Steven Cohen, founder of SAC Capital Advisors LP, may have to defend his firm against criminal charges to be filed later this week, according to the Wall Street Journal. He runs the most successful equity trading firm in the history of hedge funds. At the start of this year he had $15 billion under management and charged his investors 3-and-50 instead of the usual hedge fund gouge of 2-and-20. Questions have swirled around Cohen for years.
In November, 2003, the Wall Street Journal labeled Cohen, then 47 years-old with only $4 billion under management, a “hypertrader.” At the time his fund gained 40% per year on average, despite his stratospheric performance fees.
His influence stemmed from his reported boast of paying the highest commissions on Wall Street. Naturally that means he wants “first call” on information. Now the S.E.C. is finally catching up with some questions of its own and asking if Cohen had insider information, as some of his former portfolio managers were alleged to have had.
As I mentioned in October 2012, Cohen’s defense will probably be that he is a “genius”:
I’m shocked, shocked I tell you, to learn some of my managers used insider information when trading at SAC Capital Advisors LP!
I suspected it was happening at many of my competitors’ hedge funds. Why? It’s because I’m a genius, and they’re not! Other hedge fund managers apparently think they can achieve my consistent double digit returns when U.S. Treasuries are paying a pittance just because they are taller, or fatter, or better looking than I. But they can’t, because I’m a genius! When they outperform, it’s because they relied on insider information passed on from an analyst they hired from an investment bank or otherwise illegally obtained insider information. When I consistently outperform, it’s because I’m a genius!
How did I not know allegedly illegally obtained insider information was used by managers at my own fund? Same reason; it’s because I’m a genius. If you don’t get it, it’s because you’re not a genius. But don’t worry. I’ll explain it to you later in this press release.
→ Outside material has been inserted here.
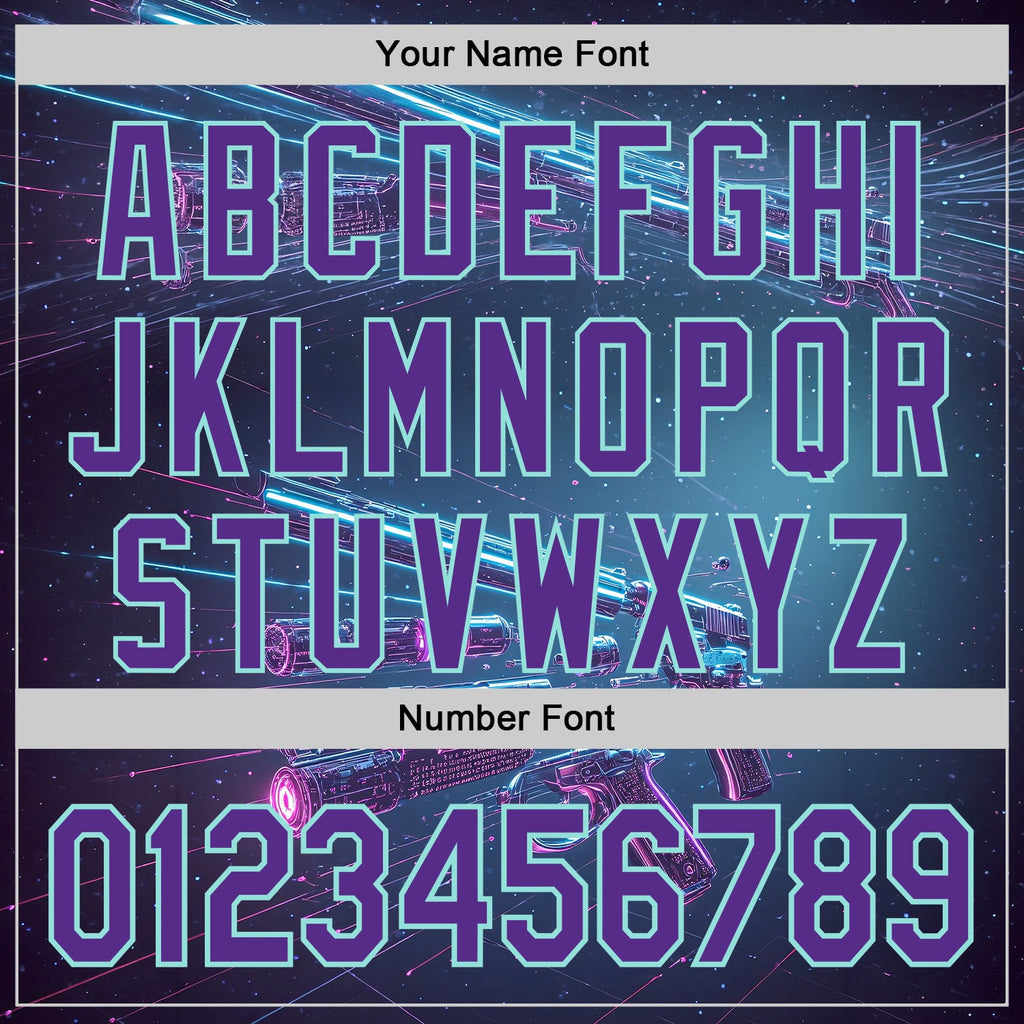 Custom Blue Purple-Ice Blue Futurism Cyberpunk E-sports 3D Pattern Design Authentic Baseball Jersey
The wonderfulness of me has caused reporters like Patricia Hurtado and Saijel Kishan at Bloomberg News to write some horrible things about the way some of my managers achieved their high returns. Everyone is jealous of my success! But even they had to admit that I’m a fabulously generous guy.
They quoted Noah Freeman, one of my managers who pleaded guilty to securities fraud and is now cooperating with the FBI, as saying this about some of my firm’s best ideas used for trading in the “Cohen Account”:
“At SAC Capital you were paid a percentage of Cohen’s trade if Cohen placed a trade based on your tip.” (“Ex-SAC Capital Manager Tells FBI Fund Used Insider Data,” October 1, 2012.)
Hey, nobody can say I don’t take care of my people! Of course these have to be the best ideas; my name’s on the account, and I’m a financial genius!
Yes, I know that five of my current or former portfolio managers or analysts are now implicated in the FBI’s insider trading investigation, but no one should draw the conclusion that I knew they used illegally obtained insider information, knew they provided me tips based on insider information, or traded on the basis of this information. I realize that the less mentally gifted may think I should have been suspicious of consistently high performance and how tips seemed to fall from trees, but that’s only because they’re not as smart as I am.
You see, when you’re a genius, you can hire people who aren’t as talented, and your genius rubs off on them, so that all of your fund managers trade as well as you do and produce double digit returns. I like to think of it as the “Cohen Effect.” It appears some of my managers were too impatient to wait for the greatness of me to rub off on them, so they took matters into their own hands in the wrong way, while I was busy managing $14 billion in assets with the help of their tips.
So you see, there was no reason for me to be suspicious — and I haven’t been accused of any wrongdoing, because I’m a genius!